Await asynchronous calls in benchmark

AKushWarrior commented 4 years ago

https://github.com/jonataslaw/get_storage/blob/master/storage_benchmark/lib/runners/get_storage.dart#L55

Your writes/deletes are not synchronous. You have to await them, or your benchmark lacks validity. Dart's stopwatch class, right now, is simply measuring the queuing time for a Future + read/write/delete time from an in-memory hashmap.

(Alternatively, you could make writes/deletes synchronous by using File.writeAsStringSync(), but this isn't recommended.)

On another note, I find it vaguely concerning that you awaited every other library's operations (i.e. measured them properly), but exempted your own from proper measurement.

jonataslaw commented 4 years ago

https://github.com/jonataslaw/get_storage/blob/master/storage_benchmark/lib/runners/get_storage.dart#L55

Your writes/deletes are not synchronous. You have to await them, or your benchmark lacks validity. Dart's stopwatch class, right now, is simply measuring the queuing time for a Future + read/write/delete time from an in-memory hashmap.

(Alternatively, you could make writes/deletes synchronous by using File.writeAsStringSync(), but this isn't recommended.)

On another note, I find it vaguely concerning that you awaited every other library's operations (i.e. measured them properly), but exempted your own from proper measurement.

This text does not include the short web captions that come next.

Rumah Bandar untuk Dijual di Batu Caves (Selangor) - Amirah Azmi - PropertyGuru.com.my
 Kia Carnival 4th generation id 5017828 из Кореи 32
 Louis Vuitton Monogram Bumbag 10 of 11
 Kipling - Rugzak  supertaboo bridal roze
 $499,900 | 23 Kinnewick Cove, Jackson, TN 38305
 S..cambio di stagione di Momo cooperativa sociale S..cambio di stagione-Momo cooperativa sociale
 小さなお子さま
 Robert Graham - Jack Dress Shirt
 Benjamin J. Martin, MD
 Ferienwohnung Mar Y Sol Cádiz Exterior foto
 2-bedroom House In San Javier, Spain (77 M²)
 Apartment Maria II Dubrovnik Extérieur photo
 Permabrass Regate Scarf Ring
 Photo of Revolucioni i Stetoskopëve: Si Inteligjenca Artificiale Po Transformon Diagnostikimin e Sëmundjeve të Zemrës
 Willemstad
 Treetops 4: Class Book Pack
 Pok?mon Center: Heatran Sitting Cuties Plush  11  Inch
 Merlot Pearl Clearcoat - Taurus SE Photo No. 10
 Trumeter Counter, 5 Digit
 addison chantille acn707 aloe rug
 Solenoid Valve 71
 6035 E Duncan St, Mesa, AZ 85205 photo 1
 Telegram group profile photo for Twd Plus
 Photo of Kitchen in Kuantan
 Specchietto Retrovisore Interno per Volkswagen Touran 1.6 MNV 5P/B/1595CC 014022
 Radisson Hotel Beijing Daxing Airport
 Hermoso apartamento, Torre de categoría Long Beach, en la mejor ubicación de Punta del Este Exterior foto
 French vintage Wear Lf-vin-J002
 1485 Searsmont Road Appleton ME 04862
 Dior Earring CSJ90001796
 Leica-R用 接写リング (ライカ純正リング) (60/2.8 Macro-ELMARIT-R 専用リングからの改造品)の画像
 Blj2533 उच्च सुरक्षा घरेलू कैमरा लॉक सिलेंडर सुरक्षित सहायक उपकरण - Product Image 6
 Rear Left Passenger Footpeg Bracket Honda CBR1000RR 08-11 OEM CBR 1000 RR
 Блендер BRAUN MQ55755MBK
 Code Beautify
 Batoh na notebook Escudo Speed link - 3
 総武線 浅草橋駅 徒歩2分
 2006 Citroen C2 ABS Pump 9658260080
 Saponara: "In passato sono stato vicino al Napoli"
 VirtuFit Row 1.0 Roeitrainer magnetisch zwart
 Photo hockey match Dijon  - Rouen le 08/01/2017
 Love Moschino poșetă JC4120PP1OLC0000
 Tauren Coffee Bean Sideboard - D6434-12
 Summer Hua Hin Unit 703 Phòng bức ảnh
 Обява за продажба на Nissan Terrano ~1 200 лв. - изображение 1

Hi, thanks for that. I just cloned the Hive benchmark, and added GetStorage, but I think I will remove these benchmarks because maybe that will give me a lot of unnecessary work. I understand your point of view on reading and writing, and looking at the data integrity angle, you are right (really, I agree with you), but the purpose of this library is not to store hundreds of data (even because it uses localstorage for web instead of indexedDB), it's just storing key / value persistently on all platforms, since sharedPreferences are not for that. I think I made it clear in the readme that this is not a database and should not be used as one, and I could take thousands of other approaches, like using apend, using the new File package to make a copy of the memory storage drive on the disc, in short, there would be hundreds of paths to track, but the purpose of this package is not and will never be used as a database. It's just having a package that adds less than 10kb to the Flutter web, and that stores data and keeps the synchronous reading in the IO. It is made to store cache of simple http, strings, ints, maps, and list requests, and that's it. If you already have path_provider in another package, it adds less than 60kb in the final Flutter application, and it was written and less than 200 lines of code, if I need to create a database in the future, I will create another package, the purpose of which is not that. Well, thanks for the advice, if you have ideas on how to improve the package I would love to hear, as long as it does not imply a change in scope. I already used your steel_crypt package, and I was going to implement a simple encryption on that lib with it, but I don't intend anything more than that.

davidmartos96 commented 4 years ago

@jonataslaw I think people's concerns with the benchmarks is that you are comparing database solutions with GetStorage. If you say it is not meant as a database, why a benchmark with those packages in the first place? I think it would be very helpful to include in the README the use cases you try to solve with the package, like http caching as you mention. The limitations of the package would be another thing that could be worth pointing out, like one cannot be certain that the data will be persisted if the app is closed. I think all these suggestions could help newcomers and would avoid confusion in the community.

AKushWarrior commented 4 years ago

I fully agree with @davidmartos96. If I had known that the package was a persisted LRU cache or something of that sort, I wouldn't have been as concerned about this package. As it is, I think "key-value store" is a bad name for what this is. That term implies a Redis-like structure, when this is more like a simple cache backed by some limited persistence.

The benchmark can stay btw; just make sure you use await in the appropriate places. If you want I can PR with my recommendations. However, consider that comparing with real databases is probably giving the wrong impression.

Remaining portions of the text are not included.